Now in my own religious life I am a Jew. And if there is anything that should challenge my faith it is this evidence of polytheism. If a Jew believes anything she believes the cry of monotheism: "Shema Israel hashem elohenu hashem ehad—the Lord our God, the Lord is one!" (Deut. 6.4). What then am I to do when confronted by the evidence of Gen 1.26? If I fall back on the Jewish doctrine of monotheism, I simply deny this evidence of polytheism in the Hebrew Bible. It can’t be evidence of polytheism, because after all the Jews are monotheistic! God must be speaking in the "royal we." (The problem is that nowhere else does the Bible resort to this usage. Nor does it even exist in ancient Hebrew.) Well, then—God must be addressing the Torah! (But this is strained and fantastical, an insult to intellectual honesty.)

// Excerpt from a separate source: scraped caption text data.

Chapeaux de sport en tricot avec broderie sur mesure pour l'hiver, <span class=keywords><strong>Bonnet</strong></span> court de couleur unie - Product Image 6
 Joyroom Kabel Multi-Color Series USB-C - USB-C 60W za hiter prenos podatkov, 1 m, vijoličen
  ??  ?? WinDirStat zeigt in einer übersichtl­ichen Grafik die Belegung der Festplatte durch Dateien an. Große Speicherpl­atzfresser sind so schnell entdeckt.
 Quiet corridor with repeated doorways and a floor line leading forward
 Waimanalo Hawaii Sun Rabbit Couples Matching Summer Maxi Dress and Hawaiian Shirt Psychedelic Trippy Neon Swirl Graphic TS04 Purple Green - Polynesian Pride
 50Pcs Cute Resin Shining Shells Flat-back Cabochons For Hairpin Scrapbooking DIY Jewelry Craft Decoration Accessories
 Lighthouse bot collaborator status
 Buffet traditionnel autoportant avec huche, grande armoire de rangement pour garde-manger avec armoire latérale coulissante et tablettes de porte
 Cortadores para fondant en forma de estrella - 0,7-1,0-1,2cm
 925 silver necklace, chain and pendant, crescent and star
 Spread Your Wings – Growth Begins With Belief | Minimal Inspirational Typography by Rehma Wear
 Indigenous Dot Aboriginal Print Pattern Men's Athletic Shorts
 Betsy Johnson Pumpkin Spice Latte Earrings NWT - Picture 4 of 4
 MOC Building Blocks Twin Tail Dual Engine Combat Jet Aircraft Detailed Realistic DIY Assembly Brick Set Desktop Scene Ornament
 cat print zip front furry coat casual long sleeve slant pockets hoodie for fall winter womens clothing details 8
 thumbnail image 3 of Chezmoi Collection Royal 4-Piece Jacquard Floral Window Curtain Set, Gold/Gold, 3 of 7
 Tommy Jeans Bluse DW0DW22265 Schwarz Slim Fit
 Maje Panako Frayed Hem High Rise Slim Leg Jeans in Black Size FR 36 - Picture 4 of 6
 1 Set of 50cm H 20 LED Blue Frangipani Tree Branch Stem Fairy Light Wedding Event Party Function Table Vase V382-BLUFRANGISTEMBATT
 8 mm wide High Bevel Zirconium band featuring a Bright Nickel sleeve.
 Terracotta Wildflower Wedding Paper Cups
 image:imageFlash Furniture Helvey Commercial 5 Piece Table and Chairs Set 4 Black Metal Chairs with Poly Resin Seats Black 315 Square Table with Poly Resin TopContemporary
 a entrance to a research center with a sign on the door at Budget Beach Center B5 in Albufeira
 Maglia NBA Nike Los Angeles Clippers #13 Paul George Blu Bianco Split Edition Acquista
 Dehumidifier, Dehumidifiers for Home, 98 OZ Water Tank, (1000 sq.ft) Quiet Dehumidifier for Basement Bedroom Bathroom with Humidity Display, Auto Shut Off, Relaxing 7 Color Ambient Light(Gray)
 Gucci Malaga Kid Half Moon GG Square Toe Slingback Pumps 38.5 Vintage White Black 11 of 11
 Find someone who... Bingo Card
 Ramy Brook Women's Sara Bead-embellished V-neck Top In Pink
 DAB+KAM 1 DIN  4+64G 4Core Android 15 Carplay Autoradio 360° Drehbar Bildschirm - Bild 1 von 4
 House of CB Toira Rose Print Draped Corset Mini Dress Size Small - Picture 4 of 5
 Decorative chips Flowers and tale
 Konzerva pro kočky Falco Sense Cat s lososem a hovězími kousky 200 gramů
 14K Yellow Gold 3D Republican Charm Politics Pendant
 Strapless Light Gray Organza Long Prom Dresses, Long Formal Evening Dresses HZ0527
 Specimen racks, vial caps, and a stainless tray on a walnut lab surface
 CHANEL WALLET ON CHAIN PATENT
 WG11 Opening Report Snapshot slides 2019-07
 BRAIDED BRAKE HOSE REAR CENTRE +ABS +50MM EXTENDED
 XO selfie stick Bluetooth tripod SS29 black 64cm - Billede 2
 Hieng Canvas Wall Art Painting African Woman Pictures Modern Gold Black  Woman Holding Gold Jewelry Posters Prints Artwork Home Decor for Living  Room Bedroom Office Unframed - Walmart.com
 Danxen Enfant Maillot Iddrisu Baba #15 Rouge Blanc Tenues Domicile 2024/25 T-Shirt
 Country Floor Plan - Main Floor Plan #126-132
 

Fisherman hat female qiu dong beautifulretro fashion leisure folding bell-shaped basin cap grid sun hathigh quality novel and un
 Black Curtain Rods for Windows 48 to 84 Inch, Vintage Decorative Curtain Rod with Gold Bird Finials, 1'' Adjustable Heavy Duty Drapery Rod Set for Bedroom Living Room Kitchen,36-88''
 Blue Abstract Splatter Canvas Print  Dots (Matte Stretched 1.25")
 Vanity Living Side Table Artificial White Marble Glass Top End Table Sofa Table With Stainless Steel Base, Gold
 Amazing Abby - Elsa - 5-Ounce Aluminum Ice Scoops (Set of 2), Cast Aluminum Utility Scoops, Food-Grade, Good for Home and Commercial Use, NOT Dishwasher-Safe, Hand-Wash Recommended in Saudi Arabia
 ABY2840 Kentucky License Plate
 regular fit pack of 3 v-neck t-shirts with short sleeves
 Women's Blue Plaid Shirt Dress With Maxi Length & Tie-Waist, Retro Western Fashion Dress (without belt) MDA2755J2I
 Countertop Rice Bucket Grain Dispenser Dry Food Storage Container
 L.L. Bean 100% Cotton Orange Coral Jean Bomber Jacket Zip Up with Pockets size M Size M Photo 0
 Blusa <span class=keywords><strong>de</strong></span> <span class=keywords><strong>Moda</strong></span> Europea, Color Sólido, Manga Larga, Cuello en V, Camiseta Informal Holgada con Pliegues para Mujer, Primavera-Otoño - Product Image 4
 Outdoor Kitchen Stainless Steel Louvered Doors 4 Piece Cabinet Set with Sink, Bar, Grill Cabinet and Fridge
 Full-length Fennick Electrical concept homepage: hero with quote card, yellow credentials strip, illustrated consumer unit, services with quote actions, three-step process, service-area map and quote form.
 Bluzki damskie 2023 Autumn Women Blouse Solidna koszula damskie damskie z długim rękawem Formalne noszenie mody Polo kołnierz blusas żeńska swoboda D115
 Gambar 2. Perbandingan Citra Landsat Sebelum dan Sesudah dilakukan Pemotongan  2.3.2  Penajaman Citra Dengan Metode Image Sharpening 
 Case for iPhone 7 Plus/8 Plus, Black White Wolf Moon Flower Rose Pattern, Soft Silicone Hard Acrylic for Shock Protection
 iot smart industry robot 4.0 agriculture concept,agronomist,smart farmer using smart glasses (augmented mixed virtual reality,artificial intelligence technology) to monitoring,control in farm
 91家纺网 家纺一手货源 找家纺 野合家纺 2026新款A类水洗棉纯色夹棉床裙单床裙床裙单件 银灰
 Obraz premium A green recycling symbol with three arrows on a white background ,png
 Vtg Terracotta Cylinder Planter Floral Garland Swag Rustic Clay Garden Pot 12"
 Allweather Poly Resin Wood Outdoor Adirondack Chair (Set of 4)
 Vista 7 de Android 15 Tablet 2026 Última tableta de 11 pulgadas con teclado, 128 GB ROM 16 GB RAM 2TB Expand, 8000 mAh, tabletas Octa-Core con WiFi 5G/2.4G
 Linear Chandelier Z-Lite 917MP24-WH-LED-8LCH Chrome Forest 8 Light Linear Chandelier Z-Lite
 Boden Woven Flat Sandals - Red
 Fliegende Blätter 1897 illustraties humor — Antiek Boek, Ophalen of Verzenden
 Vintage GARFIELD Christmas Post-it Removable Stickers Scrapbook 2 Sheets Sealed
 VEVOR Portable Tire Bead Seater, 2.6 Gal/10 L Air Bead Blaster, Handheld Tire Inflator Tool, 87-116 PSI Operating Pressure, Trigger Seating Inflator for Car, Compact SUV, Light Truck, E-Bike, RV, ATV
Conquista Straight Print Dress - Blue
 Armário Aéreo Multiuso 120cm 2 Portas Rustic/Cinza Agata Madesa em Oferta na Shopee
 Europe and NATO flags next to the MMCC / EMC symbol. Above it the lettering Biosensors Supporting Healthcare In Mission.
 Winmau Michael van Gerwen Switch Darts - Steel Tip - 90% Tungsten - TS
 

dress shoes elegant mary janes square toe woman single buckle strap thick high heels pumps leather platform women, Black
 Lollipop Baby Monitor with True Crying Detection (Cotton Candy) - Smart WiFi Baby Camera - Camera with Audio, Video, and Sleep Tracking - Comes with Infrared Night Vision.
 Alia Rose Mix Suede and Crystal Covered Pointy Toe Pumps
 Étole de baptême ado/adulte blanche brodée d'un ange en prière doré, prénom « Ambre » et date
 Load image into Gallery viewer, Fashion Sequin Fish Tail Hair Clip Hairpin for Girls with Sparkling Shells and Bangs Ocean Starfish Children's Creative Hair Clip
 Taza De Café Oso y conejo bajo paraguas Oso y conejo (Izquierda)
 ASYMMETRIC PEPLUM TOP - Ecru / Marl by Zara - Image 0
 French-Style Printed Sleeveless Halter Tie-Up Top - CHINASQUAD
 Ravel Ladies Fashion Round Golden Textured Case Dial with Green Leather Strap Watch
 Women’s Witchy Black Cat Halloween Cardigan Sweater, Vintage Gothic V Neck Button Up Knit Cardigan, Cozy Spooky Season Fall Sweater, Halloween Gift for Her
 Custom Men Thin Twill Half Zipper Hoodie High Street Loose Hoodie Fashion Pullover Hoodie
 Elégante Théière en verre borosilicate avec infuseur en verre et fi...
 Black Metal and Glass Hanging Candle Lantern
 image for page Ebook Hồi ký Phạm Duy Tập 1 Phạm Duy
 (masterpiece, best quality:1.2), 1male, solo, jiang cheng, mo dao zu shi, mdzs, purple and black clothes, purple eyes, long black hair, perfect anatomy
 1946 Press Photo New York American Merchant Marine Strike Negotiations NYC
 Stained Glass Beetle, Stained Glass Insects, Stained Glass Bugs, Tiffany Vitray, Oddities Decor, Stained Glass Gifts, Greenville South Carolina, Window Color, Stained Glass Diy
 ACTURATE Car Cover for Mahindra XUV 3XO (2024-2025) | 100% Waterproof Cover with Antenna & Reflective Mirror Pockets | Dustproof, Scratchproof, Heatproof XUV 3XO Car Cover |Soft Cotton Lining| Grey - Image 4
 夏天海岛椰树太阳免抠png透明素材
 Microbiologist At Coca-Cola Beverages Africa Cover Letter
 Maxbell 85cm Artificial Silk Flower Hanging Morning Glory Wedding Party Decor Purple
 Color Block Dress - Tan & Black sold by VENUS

According to psychoanalytic theory, denial is a primitive defense mechanism which causes a developmental arrest. To deny the evidence of polytheism in the Hebrew Bible is to infantilize my faith. But what is more, it is to betray my ancestors, who were courageous enough—and secure enough in their faith—to include this evidence of polytheism, even though their religious thinking had developed beyond it. They included it because they did not wish to betray their ancestors. And because the Bible was more important to them than the "correct" interpretation of it.

To preserve the Bible as it is—not to "correct" it by means of a strained and ahistorical interpretation, but to honor even those parts which contradict the affirmations of the religion—is itself a religious act. An immature and psychologically unstable faith is renounced, because the Bible’s "maculations" are openly acknowledged; but a jeering atheism is also renounced, because its blemishes, its errors and contradictions, are not considered the final word about the Bible.

In other words, both canonization and interpretation are indispensable to the study of the Bible—canonization because we wish to know the Bible in itself (as Jon D. Levenson has observed, biblical study is almost invariably undertaken out of religious motives),3 interpretation because the Bible in itself is puzzling, mysterious, problematic, apparently contradictory, even troubling to faith. Canonization and interpretation will always exist in a state of tension, because our desire to preserve the Bible comes into conflict with our need to use it.

And because we differ from each other, you and I—because we face different problems in life—we will use the Bible differently. If it sometimes seems that there is a confusion of interpretations in class, this is as it must be; our interpretations are necessarily plural. To reduce the variety to a single-voiced message is to mistake our own partial and limited understanding for the Bible in itself; it is to canonize an interpretation. And this is an error, because canonization and interpretation are separate and distinct impulses—like the desire to marry and the need for love. In my classes on the Bible our goal is not to freeze the Bible into doctrine, but to treasure it by the continual reinterpretation of it. No doctrine, no message, can be as faithful as that activity.

NOTES

1 See David Weiss Halivni, Revelation Restored: Divine Writ and Critical Responses (Boulder: Westview, 1997).

2 Brevard S. Childs, Introduction to the Old Testament as Scripture, (Philadelphia: Fortress, 1979), pp. 57-60.

3 See Jon D. Levenson, The Hebrew Bible, the Old Testament, and Historical Criticism: Jews and Christians in Biblical Studies (Louisville: Westminster/John Knox, 1993). The approach outlined above depends heavily upon the scholars named in these three notes.